An interesting nugget from the new Pew Research Center poll of the 2016 Election: Among voters under 30 years old, Trump is at 21% and Libertarian candidate Gary Johnson is at 22%t.
Yes, Trump is in danger of finishing third among young voters, at least according to this one poll. But it's not the only one showing him struggling with them.
Similarly, a Quinnipiac University poll last week showed Johnson and Green Party nominee Jill Stein combining to take slightly more millennials, defined as 18-34 years old in this case, than Trump. They combined for 22%, while Trump was again at 21. Stein wasn't an option in the Pew poll.
Suffolk University also showed Johnson carving off a significant portion of young voters from 18-34 year-olds, at 15% to Trump's 27%.
And Fox News had Trump up just 30% and 18% for Johnson among this same demographic.
So could Trump actually finish behind Johnson, or even take less of the youth vote than the two top Third-Party candidates, as the Q poll suggests?
It's possible. But we're dealing with small sub-samples with large margins of error here.
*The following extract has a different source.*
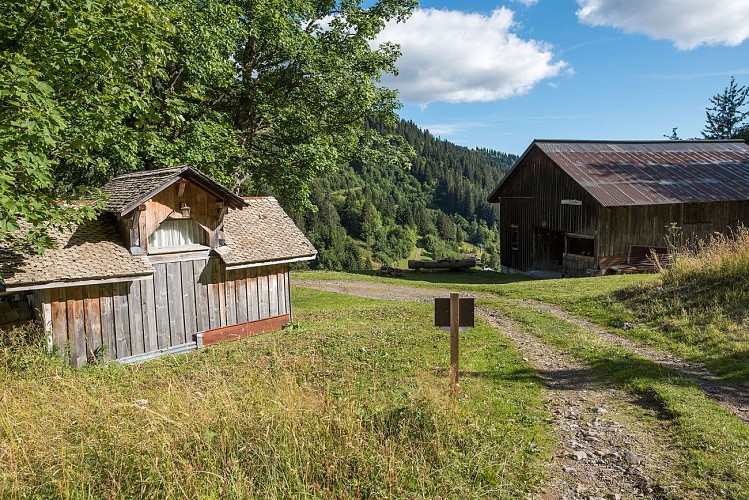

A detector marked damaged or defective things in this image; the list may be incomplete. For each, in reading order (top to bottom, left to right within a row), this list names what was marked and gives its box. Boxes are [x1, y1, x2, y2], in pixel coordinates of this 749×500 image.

In addition, earlier polls with age-demographic data don't show Trump struggling quite so much. A Washington Post-ABC poll showed Trump leading Johnson and Stein 32%-11%-7%, though the sample there was voters aged 18-39, and Monmouth University last month showed Trump at 30%, Johnson at 14% and Stein at 6% among voters 18-34. Still not great numbers for Trump, but not quite as bad.
It's also generally true that Third-Party candidates poll better than they perform on Election Day, when voters might opt for someone who has a much better chance of actually winning.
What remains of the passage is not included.